The latter leaves one wondering, considering the President's assessment
of the situation and GDP decline. Using a comparatively neutral analysis
provided by Erste Bank Research (Austria) carried by the Central European
Economic Review in October, Ukraine's prospects are anything but optimistic.
GDP decline is forecast only in Russia and Ukraine among the Central and
Eastern European countries. In Ukraine, this decline is expected to reach
1.5% this year and 4.0% in 1999. This year's inflation rate is seen at
20-35%. Even though roughly a month is left to the end of the year, there
is every chance that Ukraine will justify this prognosis. The above source
promises that the budget deficit will be 3.5% of GDP next year which looks
much more realistic than the officially predicted 0.6%.
Incidentally, financial policy is traditionally a losing proposition
not only for the Cabinet but also for the Presidential Administration.
Traditionally, no one in government or the administration is personally
responsible for any failures in the financial domain. However, while the
Cabinet has the Finance Minister and Premier who somehow or another report
to the public, in the Presidential Administration financial policy is mostly
handled by people who failed to cut out a place for themselves in life,
in which sense that body seems to carry out the noble humanitarian mission
providing jobs to the needy.
Like everything else in our long-suffering Ukraine, the President's
message is clearly too little too late. Once again the official economists
did their utmost to make the Chief Executive's response sound very much
after the fact, irrelevant, and immaterial. As the crisis broke out it
was painstakingly camouflaged by independence anniversary festivities,
then for two months Mr. Kuchma showed almost no reaction to what was happening.

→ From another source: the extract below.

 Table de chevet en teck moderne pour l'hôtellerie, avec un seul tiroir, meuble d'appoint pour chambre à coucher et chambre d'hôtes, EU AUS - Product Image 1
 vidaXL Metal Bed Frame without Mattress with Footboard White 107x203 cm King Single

Now that the electorate is fully aware that the top political leadership
has turned its back on them and will never level with them, enter the President,
dwelling on the economy, proposing a number of so-called specific approaches,
including the adoption of a policy which will "actually stimulate production,"
easing the tax burden, strengthening the banking system (specifying banks
and laws), adjusting foreign exchange policy, developing light and food
industries, regularizing the use of centralized capital investments, supporting
business big and small, and halting the economy's flight into the shadows.

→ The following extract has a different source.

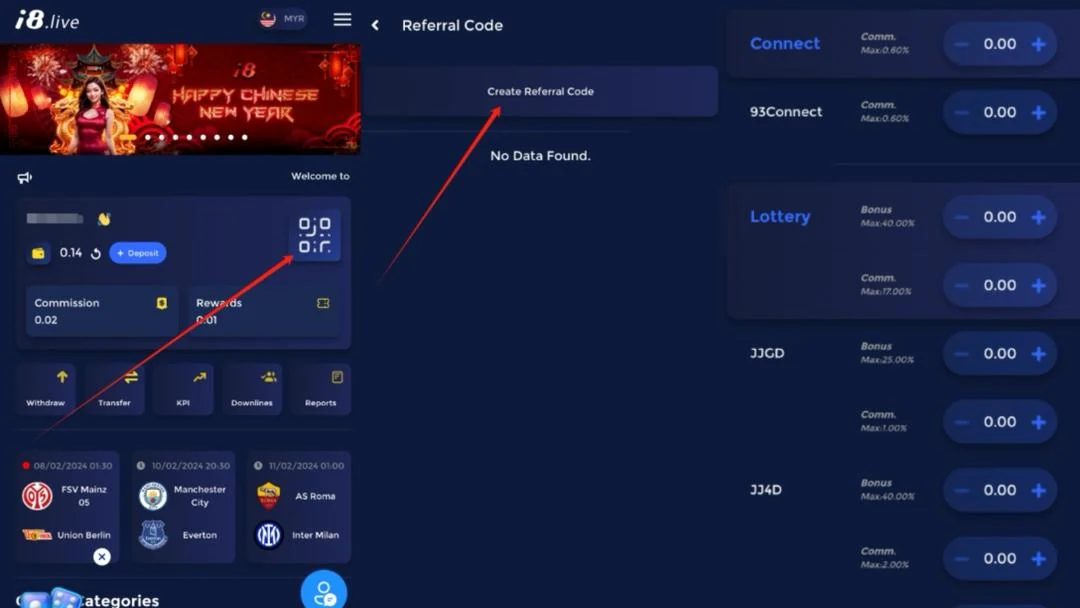 Step by step guide of setting up i8Live referral code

In the social sphere, the President's key argument was his proposal
to privatize Ukrtelekom, channeling the proceeds into paying off arrears
in wages and pensions. Mr. Kuchma apparently overestimates these proceeds,
and there is no data on its arrears on social payments.
To make his message logically complete, Mr. Kuchma asked not to "bother
the government daily," allowing it to work the remaining year. He also
mentioned that replacing the head of the National Bank was not expedient.
Finally, the President declared that the stated measures would be effective
and could be implemented before the end of 1999.
Even if viewed as the start of the election campaign, the message looks
very ineffective, considering the ruined economy and the chronically feverish
social sphere.
This message may well be regarded as fear and loathing. The President
fears the worst to come from all sides, especially that the economy will
come go bad to worse. And so does the Cabinet (the latter is still to report
to Verkhovna Rada). All of them are waiting for the New Year and the next
presidential campaign. In any case, such constant nervousness in our awful
economic state will suppress the slightest desire to do something to change
this situation for the better. Here the problem is not who is in government
or how well the branches of power can understand one another, not even
the President's constant threats addressed to Parliament. Under the circumstances
any government should be driven by the sole desire to postpone final economic
collapse before the President is reelected. Of course, Mr. Kuchma wants
this more than anything else and his message is graphic evidence of all
the complexes suffered by those in power. In fact, anything else could
hardly be expected.
Using criteria such as "good" and "mediocre," this message seems mediocre
rather than good. It is not likely to worsen the situation in Ukraine,
but it is sure not going to improve it.